Comoros History, Language and Culture

History of Comoros

In the 15th century, the Arabs settled on what is now known as the Comoros Islands. The islands were ceded to the French in 1841, and became a French protectorate in 1886, before being formally adopted as colonial possessions in 1912.

The Comoros were then governed as part of Madagascar until 1947, when they became a separate French Overseas Territory.

Internal self-government was granted in 1961, although full independence was not achieved until 1975.

The main reason was the position of Mayotte, one of the original Comoros island group, which insisted upon retaining its links with France. With Mayotte going its own way, the Comoros joined the United Nations as the Federal Islamic Republic of the Comoros, comprising three islands: Grande Comore, Anjouan and Moheli.

Ahmed Abdallah was elected as the first president.

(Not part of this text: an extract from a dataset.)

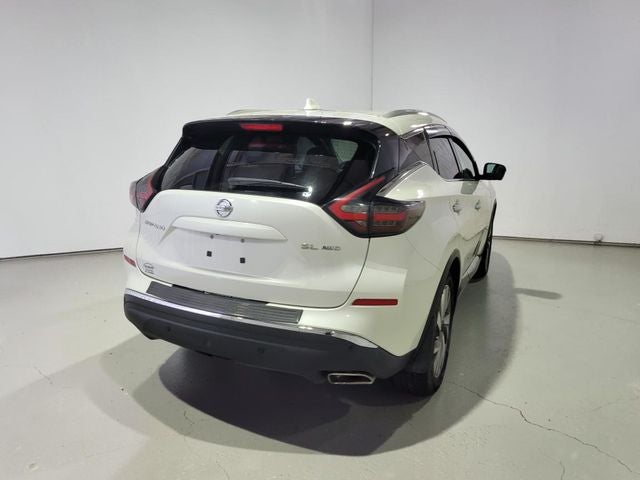 2019 Nissan Murano SL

Within months Abdallah was overthrown. But in 1978, with the assistance of French mercenaries, Abdallah regained his position, but his success was short-lived: he was assassinated the following year.

Abdallah's successor, Said Mohamed Djohar, managed to hold onto power before the return, in 1995, of Bob Denard, French soldier and mercenary who participated in numerous coups in the Comoros Islands.

Although Denard's latest effort was suppressed a week later by French troops despatched from Réunion, Djohar was killed.

Elections successfully took place in 1996, and the new Government of Abdulkarim Taki was determined to introduce Islamic law to the islands. This was fiercely resisted in many quarters.

President Taki died in 1998, and was replaced by Ben Said Massounde. The new government was overthrown in a military coup led by the Chief of the Army General Staff, Colonel Azzali Assoumani in 1999. During the next two years, the military government laid plans for a new constitution that would maintain the group as a single country, but with much greater autonomy afforded to the individual islands; in December 2001, it was approved in a national referendum.

In May 2002, Assoumani was declared President of the newly entitled Union of Comoros.

Ahmed Abdallah Mohamed Sambi won the 2006 presidential election.

Comoros Culture


Muslim (mostly Sunni) with Roman Catholic minority.

Language in Comoros

The official languages are French, Arabic and Comorian, a blend of Arabic and Swahili.